Sesi kedua menghadirkan Ibu Eliana Papote, Kapolres TTU, yang menegaskan pentingnya pencegahan serta hukuman terhadap tindakan kriminal. Ia menyampaikan fakta bahwa kejahatan yang melibatkan kaum muda sering terjadi karena lemahnya kontrol diri dan lingkungan yang permisif. Ia mengajak OMK membangun budaya saling mengingatkan, menguatkan peran keluarga, dan menghidupkan sistem keamanan berbasis komunitas. “Hukum bukan sekadar ancaman, tetapi pagar agar kita tetap berjalan di jalur yang aman,” jelasnya.
Puncak sesi dua ditandai dengan paparan Bupati TTU, Bapak Falentinus Kebo, yang tampil dengan gaya naratif. Ia berbagi kisah perjalanan organisasinya sejak muda hingga dipercaya sebagai kepala daerah. Melalui pengalamannya, ia menekankan bahwa leadership adalah buah dari proses panjang yang ditempa oleh disiplin, kerendahan hati, dan keberanian mengambil risiko. Tantangan bagi OMK ialah menjaga konsistensi karakter di tengah godaan instan. Ia mengajak peserta merawat mimpi dengan belajar, melayani, dan membangun jejaring yang sehat.
Sesi ketiga menjadi ruang reflektif ketika Rm. Patris Allegro menyajikan materi tentang militansi iman di pertigaan relativisme, sekularisme, dan algoritma FYP – metrik kuantitatif. Ia memaparkan bagaimana dunia real maupun maya sering dijejali “dunia salinan”, hiperrealitas, dan simulacra yang menggoda iman untuk larut dalam popularitas semu. Tantangan bagi OMK adalah menegakkan iman yang kokoh di tengah banjir konten. Solusinya: menghidupkan ritme doa, membangun komunitas yang meneguhkan, dan menakar setiap tren dengan kriteria Injil. Militansi iman, tegasnya, bukan sikap keras, melainkan keberanian bersaksi dengan kasih dalam arus zaman.
Meski kegiatan akademik padat, antusiasme peserta tetap stabil. Usai sesi studi, belasan imam melayani sakramen pengakuan dosa bagi ribuan peserta.

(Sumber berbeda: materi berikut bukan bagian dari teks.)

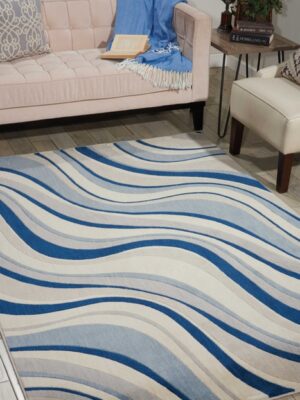 Somerset St81 Ivory/Blue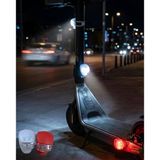 Mey İthalat® Bisiklet Emniyet Lambası 2Li Set Güçlü Led Çakar Işık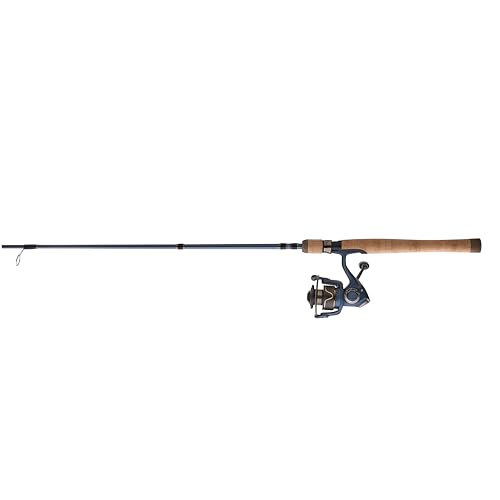 Pflueger President Spinning Reel and Fishing Rod Combo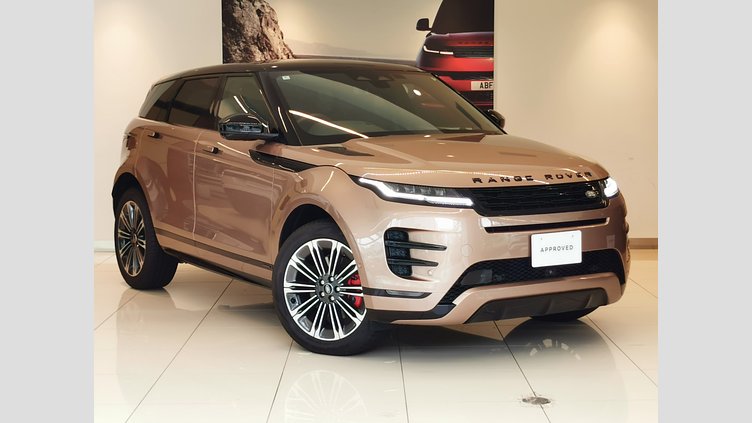 2024 認定中古車 Land Rover Range Rover Evoque コリンシアンブロンズ P250（ガソリン） スタンダードホイールベース AUTOBIOGRAPHY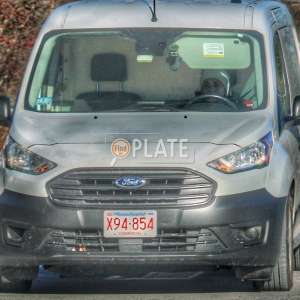 X94854 MA License Plate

Suasana hening dan teduh mewarnai doa Taizé yang dipimpin Rm. Kristo Oki, Pr., sebelum rangkaian ditutup dengan pentas seni yang memancarkan sukacita iman.
Seluruh rangkaian hari studi ini menegaskan pesan tema umum KAYD III: “OMK Berziarah: Cerdas dalam Iman, Sejahtera dalam Hidup, dan Bergembira Memikul Salib.” Hidup OMK adalah peziarahan yang menjadi nyata ketika mereka mampu memutus mata rantai krisis yang mengancam kecerdasan iman, kesejahteraan hidup, dan kegembiraan memikul salib. Setiap materi, dialog, bahkan seni yang tersaji hari ini, mengingatkan bahwa iman yang matang lahir dari perjalanan yang jujur menghadapi tantangan zaman dan tekun mencari solusi yang memerdekakan.